Pictures with short captions
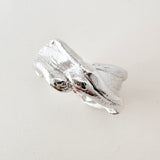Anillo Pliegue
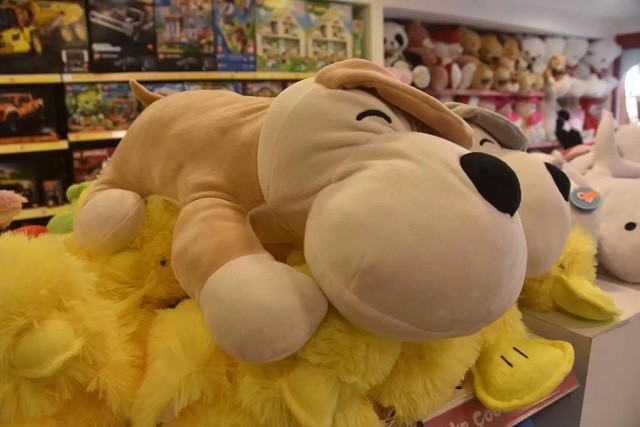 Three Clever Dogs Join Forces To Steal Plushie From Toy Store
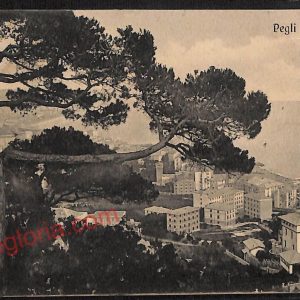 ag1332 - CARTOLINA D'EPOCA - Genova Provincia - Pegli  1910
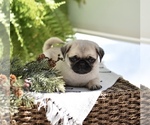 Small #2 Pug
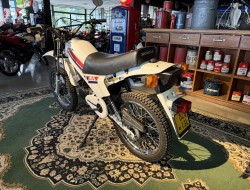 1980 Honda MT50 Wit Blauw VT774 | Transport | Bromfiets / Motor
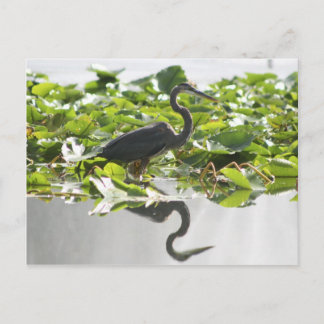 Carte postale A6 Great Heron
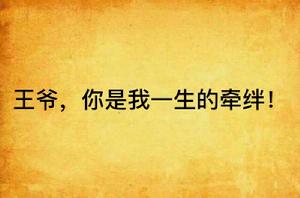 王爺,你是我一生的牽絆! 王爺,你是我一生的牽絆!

» **Exercise instructions**
Each entry should appear again exactly as written, pictures excluded.

» **Exercise result**
Anillo Pliegue
 Three Clever Dogs Join Forces To Steal Plushie From Toy Store
 ag1332 - CARTOLINA D'EPOCA - Genova Provincia - Pegli  1910
 Small #2 Pug
 1980 Honda MT50 Wit Blauw VT774 | Transport | Bromfiets / Motor
 Carte postale A6 Great Heron
 王爺,你是我一生的牽絆! 王爺,你是我一生的牽絆!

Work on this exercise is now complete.